Les aveyronnais, l'esprit des conquérants
 

Ci-dessous les premières pages de l'ouvrage du même nom de Daniel CROZES et Danielle MAGNE  paru en 1993 aux éditions du Rouergue (avec l'autorisation des éditions du Rouergue)
 
J'ai désiré présenter ces pages qui m'ont paru être une fidèle représentation du caractère aveyronnais

 
 
UNE TERRE, UN DESTIN

« Encore un Aveyronnais ! » s' écrie-t-on dans une rue de Paris, Toulouse, Montpellier, New York ou Pigüé en Argentine, voire sur la place Rouge de Moscou, lorsque du brouhaha jaillit soudain l'accent rocailleux du Rouergue, reconnaissable entre mille et une intonations. Comment expliquer cette omniprésence qui étonne, agace, ravit et intrigue beaucoup? Doit-on invoquer la loi du nombre? 275 000 Aveyronnais dans le département, 320 000 à Paris, plusieurs dizaines de milliers installés dans les régions de France et à l' étranger. Est-ce suffisant pour s'imposer, et susciter tout à la fois admiration et jalousie? Les Bretons les surpassent nettement en nombre, quoique moins organisés hors de chez eux. En revanche, les Aveyronnais peuvent rivaliser de force avec les diasporas basque ou corse.

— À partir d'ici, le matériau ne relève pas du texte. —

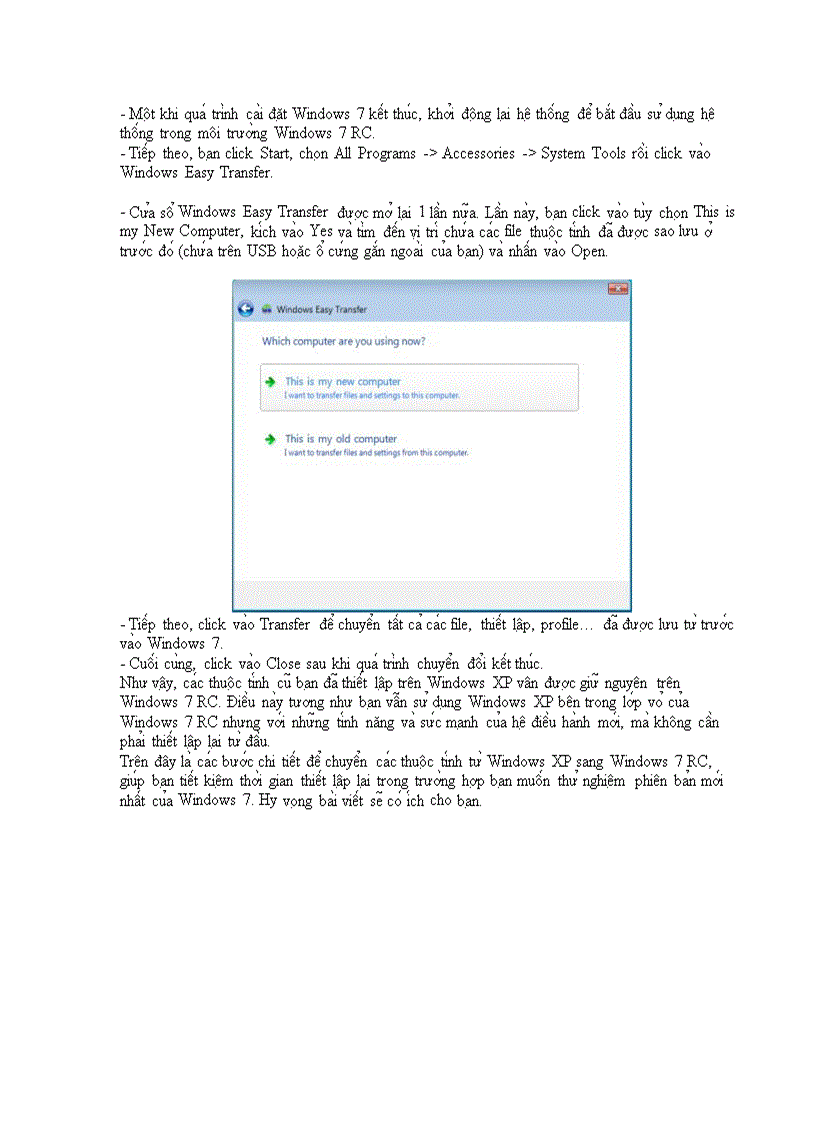 image for page Nâng cấp windowsXP lên win 7RC TLth11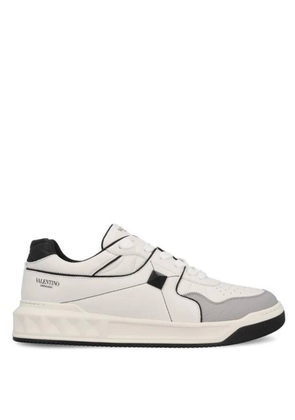 Valentino One Stud Nappa Low-Top Sneakers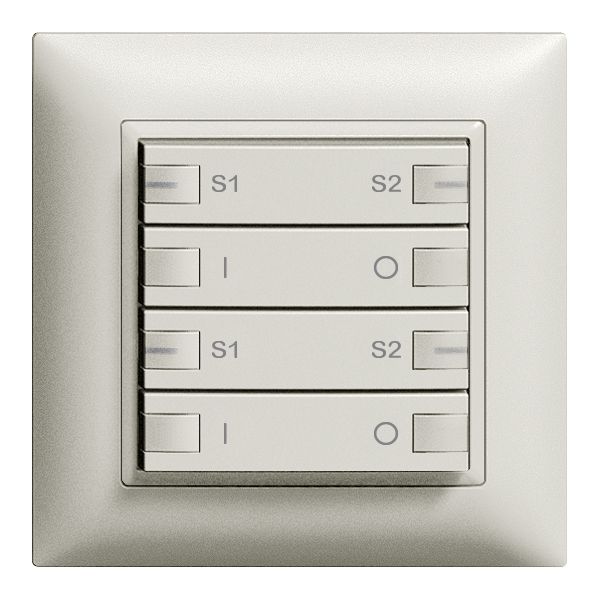 Frontset ON-OFF Szene 2-K/4 T ZEP 88×88mm hellgrau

De Normandie, de Franche-Comté, de Provence, d'Aquitaine ou du Nord, quelle image retient-on de l'Aveyron? Généralement, le mot est associé au fromage de Roquefort, au couteau de Laguiole, au cardinal Marty et à Raymond Lacombe. Dans ce raccourci, on retrouve l'essentiel: les produits-phares dont la notoriété dépasse les frontières françaises, et les hommes qui incarnent les valeurs traditionnelles, l'une et l'autre liées: l'Eglise et la paysannerie. Ainsi, se dessinent l'identité d'un département dont les limites recouvrent l'ancienne province du Rouergue, et la personnalité de ses habitants qui appartiennent à une vieille race rivée à la terre. L'Aveyron constitue un pays à part entière avec une réalité géographique, un groupe humain, une communauté de destin, une langue, des coutumes.

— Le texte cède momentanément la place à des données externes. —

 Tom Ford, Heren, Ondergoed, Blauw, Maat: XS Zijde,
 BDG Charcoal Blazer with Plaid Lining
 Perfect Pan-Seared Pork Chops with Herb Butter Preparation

Une diversité de paysages et des nuances de caractère

Où le situer? En Auvergne? En Languedoc? Dans le Midi toulousain? Toujours resté à l'écart de ces ensembles régionaux dans lesquels il ne se reconnaît pas, le territoire aveyronnais - cinquième département français en superficie - occupe une place originale au sud du Massif central dans la mesure où il ne forme pas un bloc naturel avec des contours précis mais rassemble une mosaïque de paysages, de terroirs, de climats différents. Il ne tire pas son unité de la géologie mais du peuplement et de l'histoire. D'où des contrastes physiques surprenants - la neige en avril sur l'Aubrac et les cerisiers en fleurs dans la vallée du Tarn - que l'on peut constater en parcourant le pays, du nord au sud ou d'est en ouest. Depuis plus de deux millénaires, ils influent sur le caractère des hommes et leur destinée.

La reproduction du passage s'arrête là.